Dynamic Algorithm Configuration (DAC) addresses the challenge of dynamically setting hyperparameters of an algorithm for a diverse set of instances rather than focusing solely on individual tasks. Agents trained with Deep Reinforcement Learning (RL) offer a pathway to solve such settings. However, the limited generalization performance of these agents has significantly hindered the application in DAC. Our hypothesis is that a potential bias in the training instances limits generalization capabilities. We take a step towards mitigating this by selecting a representative subset of training instances to overcome overrepresentation and then retraining the agent on this subset to improve its generalization performance. For constructing the meta-features for the subset selection, we particularly account for the dynamic nature of the RL agent by computing time series features on trajectories of actions and rewards generated by the agent's interaction with the environment. Through empirical evaluations on the Sigmoid and CMA-ES benchmarks from the standard benchmark library for DAC, called DACBench, we discuss the potentials of our selection technique compared to training on the entire instance set. Our results highlight the efficacy of instance selection in refining DAC policies for diverse instance spaces.
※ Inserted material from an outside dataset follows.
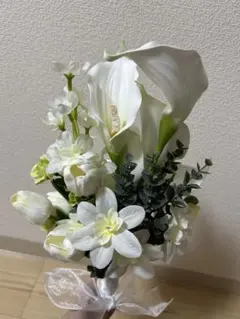 アーティフィシャルフラワーブーケ&ブートニア
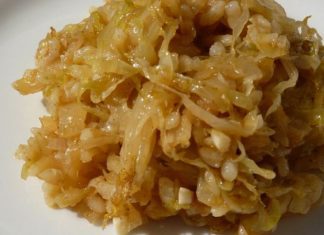 Kiseli kupus sa pirinčem kiseli kupus sa pirincem recept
git clone https://github.com/automl/Instance-DAC.git
cd Instance-DAC
conda create -n instance_dac python=3.11
conda activate instance_dac
# Install for usage
pip install .
# Install for development
make install-dev
pip install -r requirements.txt
git clone git@github.com:automl/DACBench.git
cd DACBench
git checkout instance_dac
pip install -e .[modcma]
# SELECTOR
git clone https://github.com/gjorgjinac/InstanceDACSelector.git lib/InstanceDACSelector
pip install -r lib/InstanceDACSelector/requirements.txt
Check scripts/sigmoid_experiment.sh
and scripts/cmaes_experiment.sh
for commands/details how to run the experiments.
In order to build the similarity graph of instances we need to calculate meta-features. In this case, we calculate time-series features on the rollout history, e.g., the reward trajectory per episode. For this, R requirements need to be installed (R version 4.0.2 (2020-06-22), Rcatch22_0.1.13 package is used). The code to calculate the features is here. The filepaths need to be adjusted accordingly.
With the script instance_dac/collect_data.py
you can gather all the log files and create a csv file.
The table will be saved under data/runs/<env_name>/<training_set>
and can contain performance data
on different test sets.